The Government has agreed to new federal whistleblower laws in order to secure the votes of Nick Xenophon Team senators and Independent senator Derryn Hinch for its Registered Organisations bill.

The bill is the least controversial of a set of reforms that were used as a double-dissolution trigger in May this year.

It passage means a new specialist regulator, the Registered Organisations Commission, will take over from the Fair Work Commission in overseeing registered unions and employer associations.

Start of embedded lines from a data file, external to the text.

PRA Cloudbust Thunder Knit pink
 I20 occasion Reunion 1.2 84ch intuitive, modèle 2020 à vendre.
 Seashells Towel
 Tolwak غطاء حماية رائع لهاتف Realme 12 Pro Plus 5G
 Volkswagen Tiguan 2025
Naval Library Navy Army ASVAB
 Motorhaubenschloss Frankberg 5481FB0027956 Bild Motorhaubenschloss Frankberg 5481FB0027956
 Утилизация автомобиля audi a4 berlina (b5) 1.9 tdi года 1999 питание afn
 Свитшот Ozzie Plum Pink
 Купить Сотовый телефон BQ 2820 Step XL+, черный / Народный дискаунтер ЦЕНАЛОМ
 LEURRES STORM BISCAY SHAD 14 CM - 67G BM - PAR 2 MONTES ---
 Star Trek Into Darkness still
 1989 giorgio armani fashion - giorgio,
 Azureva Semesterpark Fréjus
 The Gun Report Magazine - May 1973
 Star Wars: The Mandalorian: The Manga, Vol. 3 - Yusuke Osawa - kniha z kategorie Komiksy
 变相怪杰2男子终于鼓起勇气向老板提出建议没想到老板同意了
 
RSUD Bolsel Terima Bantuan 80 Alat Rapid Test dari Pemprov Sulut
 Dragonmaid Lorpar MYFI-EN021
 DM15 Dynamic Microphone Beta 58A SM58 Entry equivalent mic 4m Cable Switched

The bill largely places registered organisations under the same regulations as corporations, including:

  • increasing the obligations of registered organisations’ office-holders in regard to disclosing material personal interests, and relevant decision-making
  • strengthening the financial, disclosure and transparency requirements on financial management matters
  • increasing civil penalties and imposing criminal liability for serious breaches of officers’ statutory duties

The bill passed at around 2:15am, after amendments from crossbenchers Senator Hinch and Senator Xenophon were added to protect whistleblowers in both the public and private sectors and provide compensation.

“These amendments, if passed, will see Australia go from some of the worst whistleblower protection laws in the world to arguably the best,” Senator Xenophon said during the debate.

Employment Minister Michaelia Cash said it was not just “union busting”.

“What it is about though is about increasing transparency and accountability and stopping those unscrupulous individuals who would use members' hard-earned funds for their own self-interest,” she said.